(ACTION ITEM) Start to finish, print the data below exactly, without the images.

(INPUT DATA)

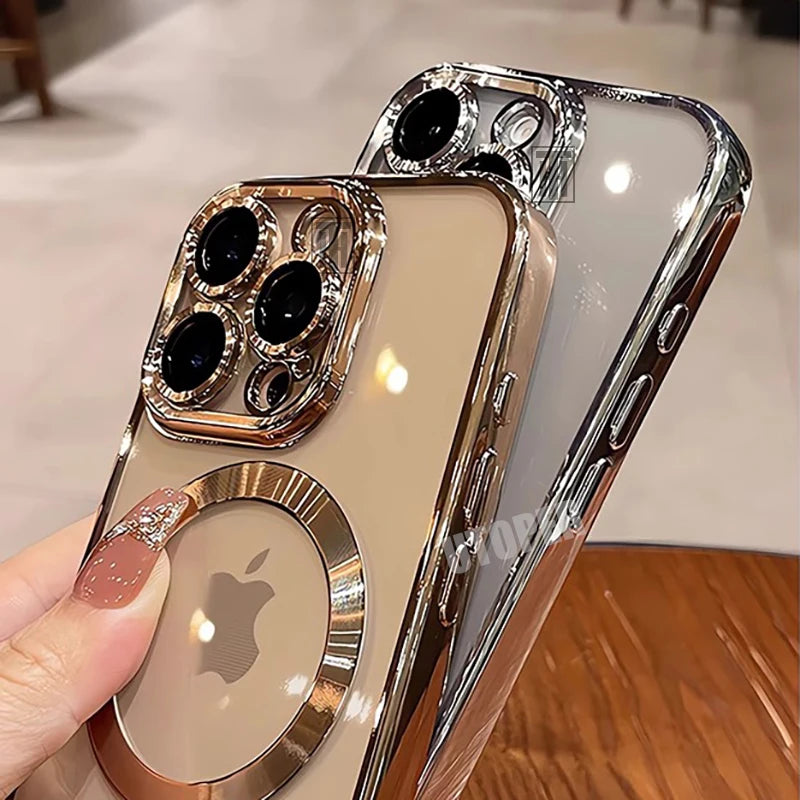 Phone case with Apple logo held by a hand on a wooden surface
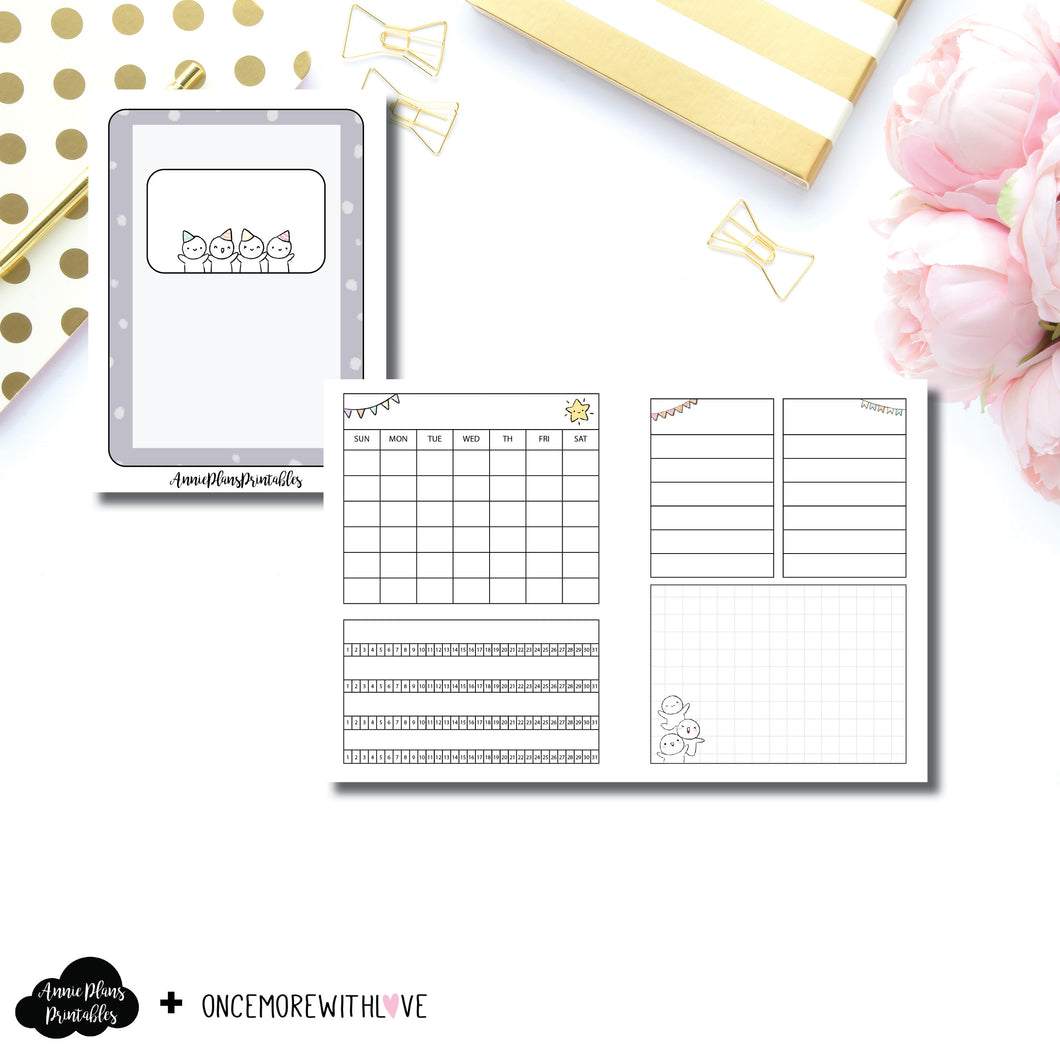 Micro HP Size | Undated Monthly OnceMoreWithLove Collaboration Printable Insert ©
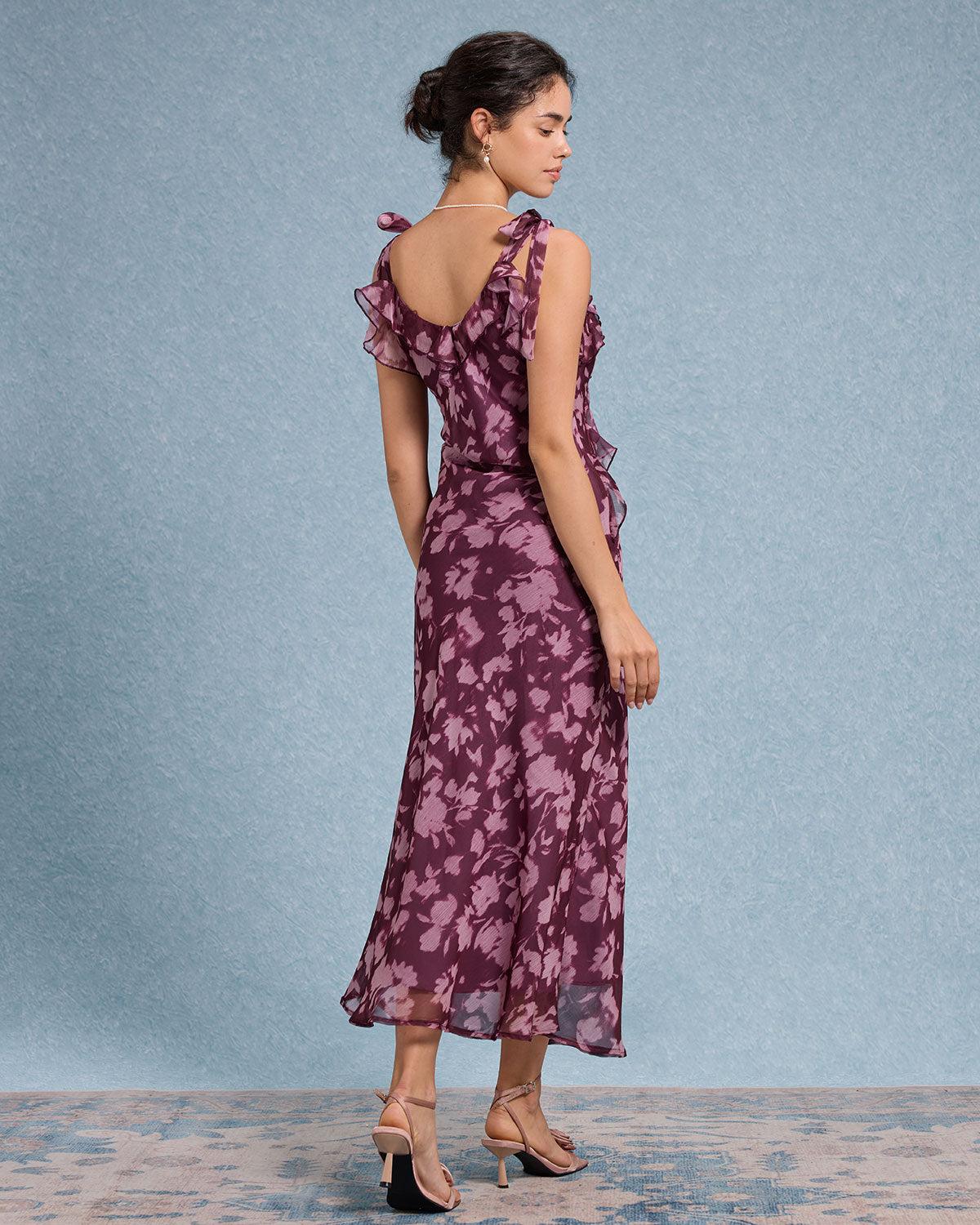 Purple Floral Ruffle Tie Strap Maxi Dress Product Image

(REPLY TO THE EXERCISE)
 Phone case with Apple logo held by a hand on a wooden surface
 Micro HP Size | Undated Monthly OnceMoreWithLove Collaboration Printable Insert ©
 Purple Floral Ruffle Tie Strap Maxi Dress Product Image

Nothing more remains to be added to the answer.